É saudável ter um clube, mas não esquecer a liberdade que nos faz tolerar os outros e precisar deles, mesmo com uma gama de opções diametralmente oposta. Todavia, pressionar até ao limite antes de as crianças saberem sequer falar, quando isso é contra a vontade dos pais e joga contra aquilo em que estes acreditam (sim, para todos os efeitos, o futebol é uma religião, uma paixão, uma coisa que não se explica…), não me parece correto, nem entendo como é que os clubes aceitam inscrições de pessoas menores sem o consentimento informado de ambos os pais. As pessoas mudam de religião, de partido político, de cônjuge, de amante e de vida. Mudam de nome e de sexo. Mudam de profissão. Mas não mudam de clube, pelo menos depois dos dez anos de idade. A inscrição num clube deveria sempre sem feita por maiores de idade ou, no caso de menores, com o consentimento escrito e informado de ambos os pais ou tutores. É pena que o legislador nunca tenha pensado nisso. Mas podem estar certos de que os litígios e os conflitos provocados pelo futebol são muito maiores do que os de qualquer outra área, mesmo as filosóficas, religiosas e dogmáticas.
Creio que valerá a pena refletir um pouco sobre este assunto, num país que tem mais de quatro décadas de democracia e ainda tantas coisas para resolver…
P.S. A propósito do artigo da semana passada sobre as vantagens de ter um animal de companhia, designadamente um cão, e os cuidados a ter antes de o arranjar, o espaço não deu para falar dos donos dos cães que são porcalhões – eles, os donos, não os canídeos.
Infelizmente, quando passeamos pelas ruas das nossas cidades e vilas, somos confrontados com constantes armadilhas que são os cocós de cães espalhados pelo passeio. Se em termos de sujidade e ecológicos não há sequer questão, em termos de saúde, como é?
Um estudo feito no Reino Unido estimou em cerca de 250 mil toneladas o cocó que os cães fazem por ano. Em Portugal temos seis vezes menos habitantes mas, como temos proporcionalmente mais cães, se calhar poderemos admitir um valor de um terço.

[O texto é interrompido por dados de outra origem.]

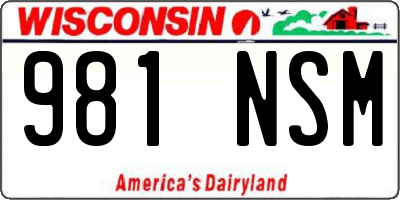 WI license plate 981NSM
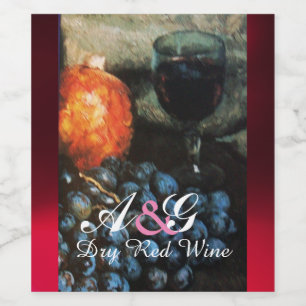 RED GRAPES, RED WINE GLASS, POMEGRANATE WINE LABEL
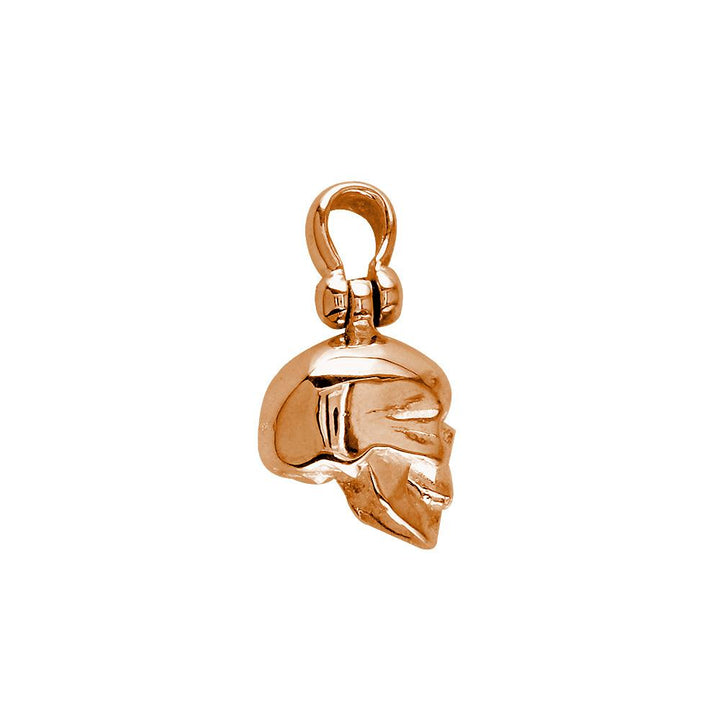 Small Solid 3D Skull Charm in 18K Pink, Rose Gold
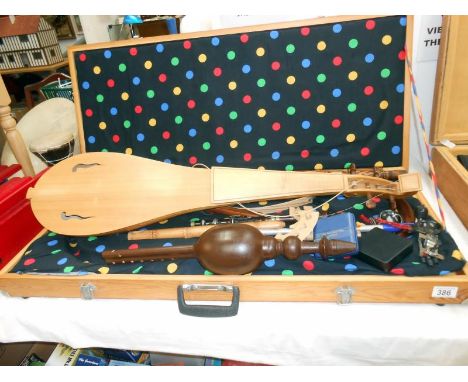 A quantity of early music instruments including crumhorn, rebec & recorder etc.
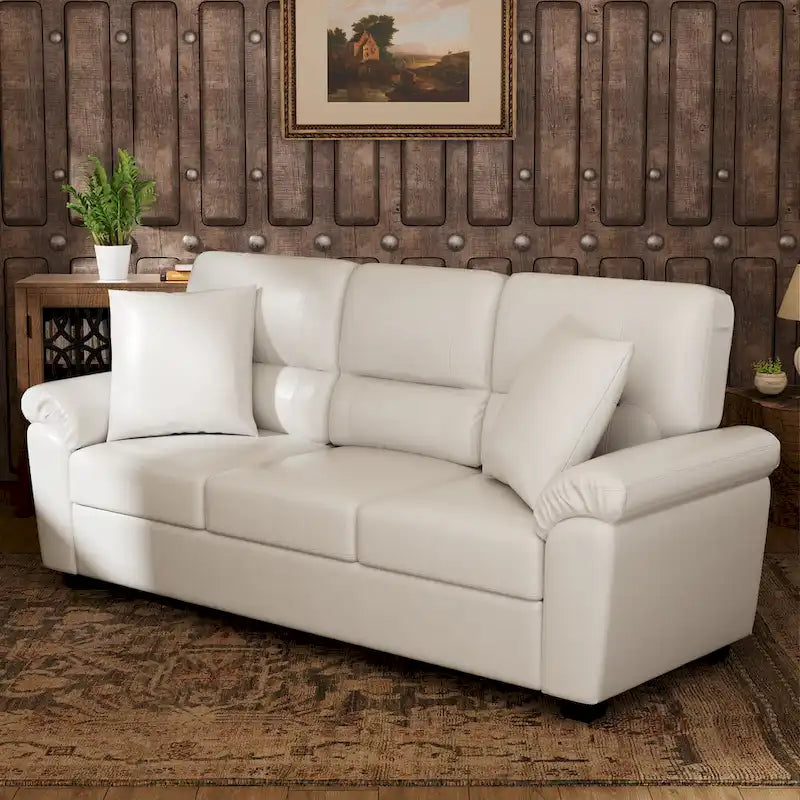 Ensemble de salon rembourré, 4 pièces - Fauteuil en similicuir, causeuse, canapé avec pouf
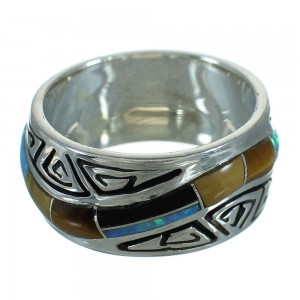 Water Wave Multicolor Sterling Silver Southwest Ring Size 6-1/4 YX75373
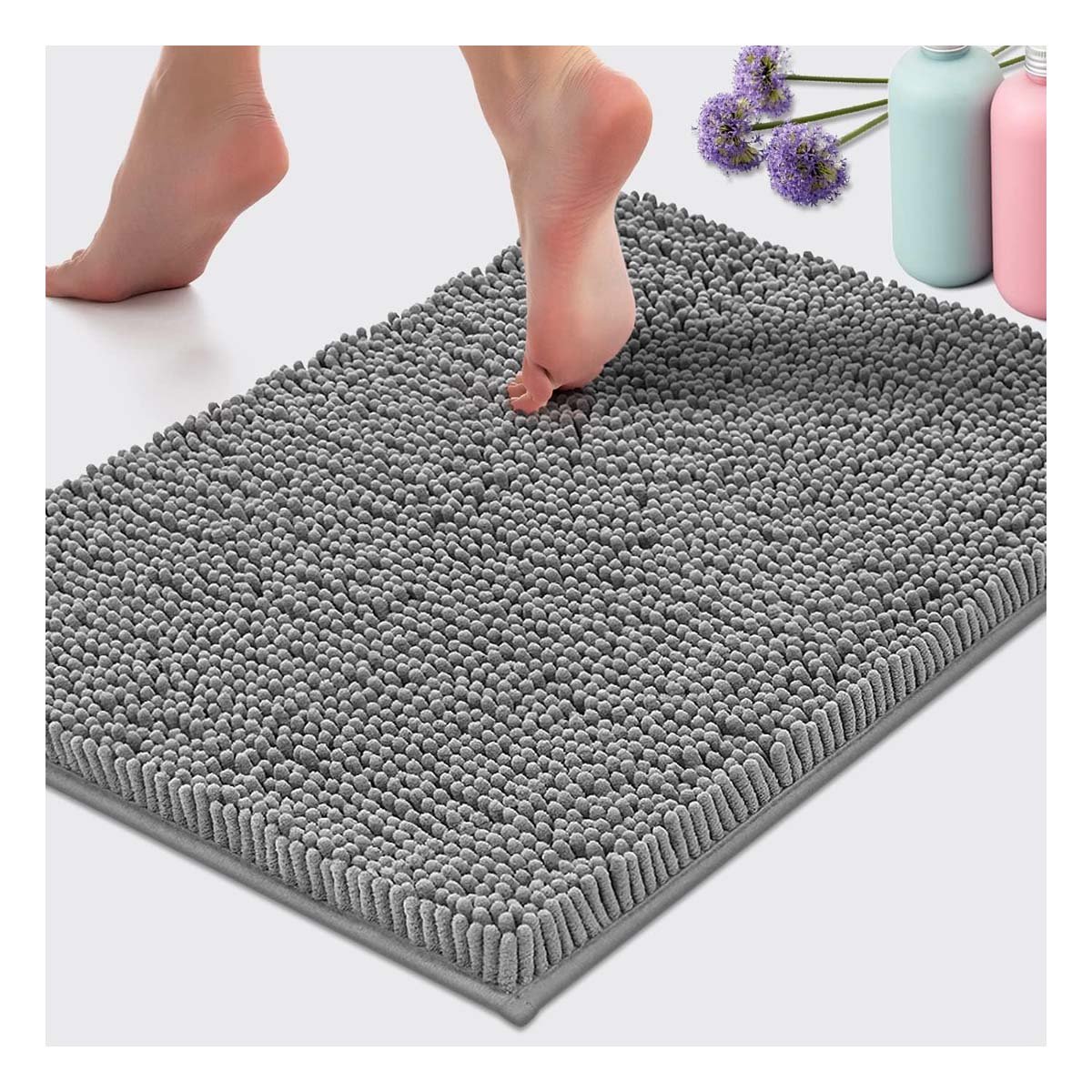 TAPETE RECTANGULAR DE MICROFIBRA ABSORBENTE 40X60CM PLOMO CLARO USO DIARIO Y+REGALO STICKER - 2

Fiquem, portanto, com os números redondos: 80 mil toneladas de cocó de cão em cada ano que passa, ou seja, nove por hora ou 150 kg por minuto. O cocó de cão não só é nojento e malcheiroso – isso só já bastaria para os donos dos cães (eles, sim, são os verdadeiros “porcalhões”) terem mais cuidado – como pode também contaminar–nos com diversos parasitas que, nos infantários, escolas e lares, passam de pessoa para pessoa, dos sapatos e pés para as mãos, daí para a boca e para as fezes das pessoas, num ciclo muito difícil de interromper. Em certas cidades há casas de banho na rua para cães. Mas mesmo sem estes requintes, não custava nada aos donos dos cães levarem uns sacos de plástico para apanhar o cocó dos seus animais. Compram-se nas lojas “baratas” por um euro e meio, com um dispositivo preso à trela. Há papeleiras e caixotes por todo o lado.
Para quando uma maior censura social, pelo menos quando a lei (que existe) não é ainda aplicada? Não são os cães que são porcalhões – são os donos!